══ DATA SHOWN ══

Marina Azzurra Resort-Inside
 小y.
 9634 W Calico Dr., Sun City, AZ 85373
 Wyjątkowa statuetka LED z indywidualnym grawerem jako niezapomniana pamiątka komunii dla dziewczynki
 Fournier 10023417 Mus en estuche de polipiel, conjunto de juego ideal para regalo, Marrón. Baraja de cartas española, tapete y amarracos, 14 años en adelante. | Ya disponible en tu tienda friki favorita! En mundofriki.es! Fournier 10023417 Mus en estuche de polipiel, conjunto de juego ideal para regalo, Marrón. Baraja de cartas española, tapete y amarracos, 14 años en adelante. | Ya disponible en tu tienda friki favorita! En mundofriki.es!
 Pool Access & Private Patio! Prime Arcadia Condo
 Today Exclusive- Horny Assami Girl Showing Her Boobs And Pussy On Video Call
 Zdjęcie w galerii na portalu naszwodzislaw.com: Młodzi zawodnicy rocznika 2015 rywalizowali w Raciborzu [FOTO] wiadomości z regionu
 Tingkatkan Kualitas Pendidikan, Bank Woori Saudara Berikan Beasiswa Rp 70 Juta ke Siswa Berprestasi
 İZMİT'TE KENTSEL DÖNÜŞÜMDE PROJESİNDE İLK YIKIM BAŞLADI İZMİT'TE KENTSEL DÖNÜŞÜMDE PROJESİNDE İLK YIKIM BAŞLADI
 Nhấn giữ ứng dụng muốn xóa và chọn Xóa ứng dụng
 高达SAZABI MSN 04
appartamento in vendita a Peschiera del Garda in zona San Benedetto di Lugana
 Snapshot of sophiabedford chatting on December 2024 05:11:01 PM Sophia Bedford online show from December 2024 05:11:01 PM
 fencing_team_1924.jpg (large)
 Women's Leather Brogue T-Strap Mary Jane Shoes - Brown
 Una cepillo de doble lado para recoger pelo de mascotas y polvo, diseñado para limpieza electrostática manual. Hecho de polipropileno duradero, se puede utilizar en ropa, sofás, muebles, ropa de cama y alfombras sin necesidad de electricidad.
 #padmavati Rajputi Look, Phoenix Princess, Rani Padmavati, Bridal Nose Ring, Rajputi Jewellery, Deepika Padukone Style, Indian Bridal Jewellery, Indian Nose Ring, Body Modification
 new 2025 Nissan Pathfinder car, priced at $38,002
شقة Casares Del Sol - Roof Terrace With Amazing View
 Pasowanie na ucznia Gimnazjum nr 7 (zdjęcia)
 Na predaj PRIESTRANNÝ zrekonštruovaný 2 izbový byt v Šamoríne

═══

Above are the records. Copy the lines beginning at the one that has "En mundofriki.es! Fournier" and ending with the one that has "Nhấn giữ ứng", unchanged.

 Fournier 10023417 Mus en estuche de polipiel, conjunto de juego ideal para regalo, Marrón. Baraja de cartas española, tapete y amarracos, 14 años en adelante. | Ya disponible en tu tienda friki favorita! En mundofriki.es! Fournier 10023417 Mus en estuche de polipiel, conjunto de juego ideal para regalo, Marrón. Baraja de cartas española, tapete y amarracos, 14 años en adelante. | Ya disponible en tu tienda friki favorita! En mundofriki.es!
 Pool Access & Private Patio! Prime Arcadia Condo
 Today Exclusive- Horny Assami Girl Showing Her Boobs And Pussy On Video Call
 Zdjęcie w galerii na portalu naszwodzislaw.com: Młodzi zawodnicy rocznika 2015 rywalizowali w Raciborzu [FOTO] wiadomości z regionu
 Tingkatkan Kualitas Pendidikan, Bank Woori Saudara Berikan Beasiswa Rp 70 Juta ke Siswa Berprestasi
 İZMİT'TE KENTSEL DÖNÜŞÜMDE PROJESİNDE İLK YIKIM BAŞLADI İZMİT'TE KENTSEL DÖNÜŞÜMDE PROJESİNDE İLK YIKIM BAŞLADI
 Nhấn giữ ứng dụng muốn xóa và chọn Xóa ứng dụng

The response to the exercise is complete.